§ Task requirements:
Both the line below containing "十大5月郑州郑东新区训练营减肥多少钱排行榜" and the line containing "Math is math", along with every line between them, should be repeated exactly; no other line belongs in the answer.

§ Scraped caption text data:
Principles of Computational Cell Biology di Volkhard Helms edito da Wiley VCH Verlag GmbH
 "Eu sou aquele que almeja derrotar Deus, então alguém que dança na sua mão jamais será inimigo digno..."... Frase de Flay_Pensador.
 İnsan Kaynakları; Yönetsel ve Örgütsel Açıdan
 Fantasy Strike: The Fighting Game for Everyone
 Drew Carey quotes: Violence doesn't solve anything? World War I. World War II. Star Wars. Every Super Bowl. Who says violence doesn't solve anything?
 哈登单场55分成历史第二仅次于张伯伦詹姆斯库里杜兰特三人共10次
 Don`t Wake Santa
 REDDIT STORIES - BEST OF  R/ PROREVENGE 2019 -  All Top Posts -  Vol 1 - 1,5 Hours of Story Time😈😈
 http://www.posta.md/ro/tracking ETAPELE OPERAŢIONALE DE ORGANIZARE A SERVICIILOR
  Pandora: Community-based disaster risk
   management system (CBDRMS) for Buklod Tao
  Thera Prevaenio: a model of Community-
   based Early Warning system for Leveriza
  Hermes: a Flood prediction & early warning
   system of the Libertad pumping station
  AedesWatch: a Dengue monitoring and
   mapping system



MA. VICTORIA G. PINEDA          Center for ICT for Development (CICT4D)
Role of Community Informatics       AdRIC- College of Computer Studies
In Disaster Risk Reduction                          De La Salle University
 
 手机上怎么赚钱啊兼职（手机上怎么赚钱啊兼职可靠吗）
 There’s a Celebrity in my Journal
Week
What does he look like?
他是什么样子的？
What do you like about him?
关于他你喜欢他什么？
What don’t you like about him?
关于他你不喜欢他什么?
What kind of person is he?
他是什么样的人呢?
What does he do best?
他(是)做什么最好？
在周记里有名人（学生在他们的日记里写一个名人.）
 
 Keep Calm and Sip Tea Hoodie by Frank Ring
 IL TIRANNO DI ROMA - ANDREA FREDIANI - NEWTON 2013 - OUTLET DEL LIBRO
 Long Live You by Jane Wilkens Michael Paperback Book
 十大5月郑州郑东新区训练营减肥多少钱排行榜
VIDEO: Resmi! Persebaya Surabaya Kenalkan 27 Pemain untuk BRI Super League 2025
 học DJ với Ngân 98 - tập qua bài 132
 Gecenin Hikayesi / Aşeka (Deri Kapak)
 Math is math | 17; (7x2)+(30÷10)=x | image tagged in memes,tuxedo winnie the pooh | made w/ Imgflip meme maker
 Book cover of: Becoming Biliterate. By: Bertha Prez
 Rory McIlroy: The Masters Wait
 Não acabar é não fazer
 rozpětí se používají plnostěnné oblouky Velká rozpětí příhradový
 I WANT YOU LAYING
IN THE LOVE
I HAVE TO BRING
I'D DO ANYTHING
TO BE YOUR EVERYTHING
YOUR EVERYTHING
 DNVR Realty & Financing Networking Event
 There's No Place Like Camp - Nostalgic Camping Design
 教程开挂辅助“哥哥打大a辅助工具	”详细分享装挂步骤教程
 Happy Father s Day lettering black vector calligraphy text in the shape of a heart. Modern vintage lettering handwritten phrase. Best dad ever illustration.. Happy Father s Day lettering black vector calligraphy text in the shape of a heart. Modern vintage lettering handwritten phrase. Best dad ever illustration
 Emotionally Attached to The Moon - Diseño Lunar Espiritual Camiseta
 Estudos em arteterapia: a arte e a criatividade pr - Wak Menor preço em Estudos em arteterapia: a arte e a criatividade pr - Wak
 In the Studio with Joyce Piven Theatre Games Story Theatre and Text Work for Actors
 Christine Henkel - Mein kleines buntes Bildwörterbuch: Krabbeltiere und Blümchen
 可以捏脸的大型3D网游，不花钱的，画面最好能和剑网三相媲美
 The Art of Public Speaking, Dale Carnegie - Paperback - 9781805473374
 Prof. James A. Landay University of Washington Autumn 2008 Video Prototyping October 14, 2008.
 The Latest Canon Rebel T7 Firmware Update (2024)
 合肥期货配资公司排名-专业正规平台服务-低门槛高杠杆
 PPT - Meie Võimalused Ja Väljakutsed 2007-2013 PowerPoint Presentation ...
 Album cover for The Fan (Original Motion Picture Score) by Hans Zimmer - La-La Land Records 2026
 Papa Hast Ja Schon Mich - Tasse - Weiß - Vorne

§ Exercise output:
 十大5月郑州郑东新区训练营减肥多少钱排行榜
VIDEO: Resmi! Persebaya Surabaya Kenalkan 27 Pemain untuk BRI Super League 2025
 học DJ với Ngân 98 - tập qua bài 132
 Gecenin Hikayesi / Aşeka (Deri Kapak)
 Math is math | 17; (7x2)+(30÷10)=x | image tagged in memes,tuxedo winnie the pooh | made w/ Imgflip meme maker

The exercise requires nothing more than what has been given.